Im Großen und Ganzen wussten wir gestern schon, was uns heute erwarten würde: Winter. Nachdem wir letzte Nacht noch das Glück hatten, wenigsten ein bisschen Aurora Borealis zu sehen, zog es sich danach zu und der heutige Morgen erwartete uns mit einer weißen Decke. Auf den Teil der Straße, den wir fahren mussten, hatte sich noch kein Räumfahrzeug verirrt, aber es ging auch so ganz gut. Allradantrieb und Spikes an den Reifen vereinfachen vieles.

Hinter dem Tunnel durch das Vestrahorn sah das Wetter für einen kurzen Moment sogar vielversprechend aus. Wir wussten aber, was kommen würde: Einheitsweiß.

Auf diesen Bildern konnten wir noch die Straße von der Umgebung trennen. Aber jetzt warteten noch gefühlt endlose Kilometer auf weißer Fläche auf uns, nur unterbrochen durch gelbe senkrechte Balken.
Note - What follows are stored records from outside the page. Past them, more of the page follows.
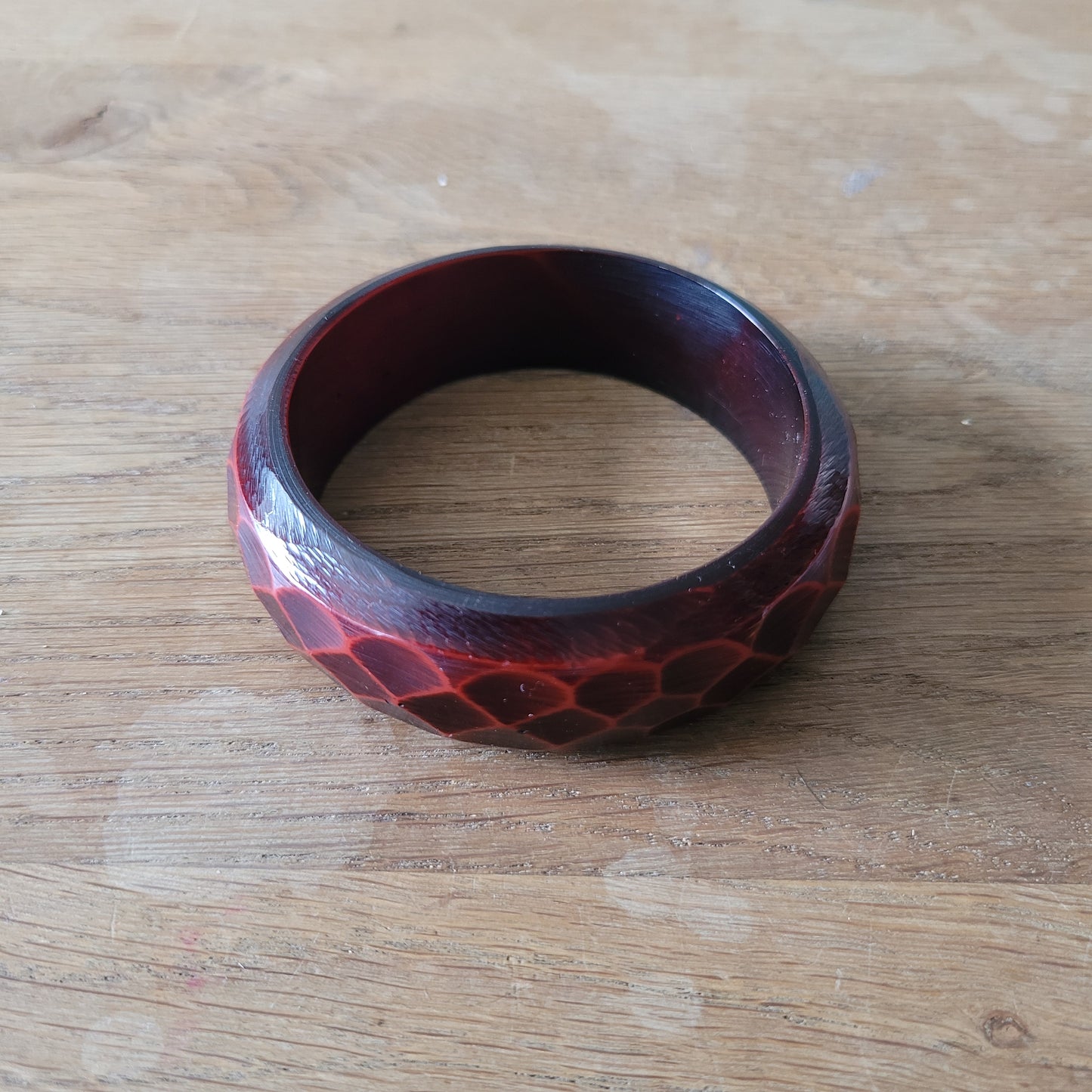 1970s deep red carved lucite faceted bangle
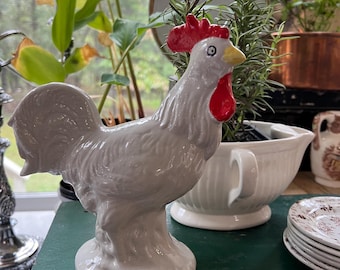 Pode incluir: Uma figura de galo de cerâmica branca com crista e barbela vermelhas. O galo está em pé sobre uma superfície verde.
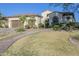 Lush front lawn with desert landscaping, mature trees and a two-car garage at 5243 E Windstone Trl, Cave Creek, AZ 85331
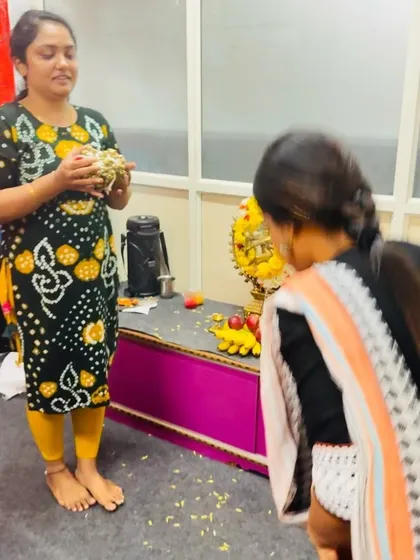 Another moment from the Gejje Pooja, where a student receives her blessed ankle bells.
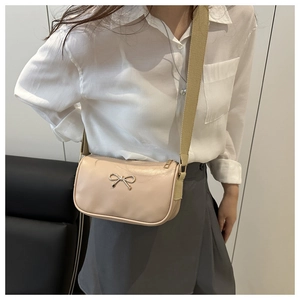 Close-up of beige crossbody bag with golden bow and wide canvas shoulder strap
vedur.is hatte inzwischen für den Süden und Südosten der Insel wieder die Warnstufe „Orange“ verhängt. Wir erreichten zusammen mit dem aufkommenden Sturm Vík í Mýrdal. Eva hatte uns unterwegs und keine Minute zu früh zwei Zimmer hier gebucht. Da die Straße weiter nach Westen schon komplett gesperrt war, suchten hier noch einige gestrandete Touristen eine Bleibe für die Nacht. Heute dürfte jede Unterkunft in Vík ausgebucht sein.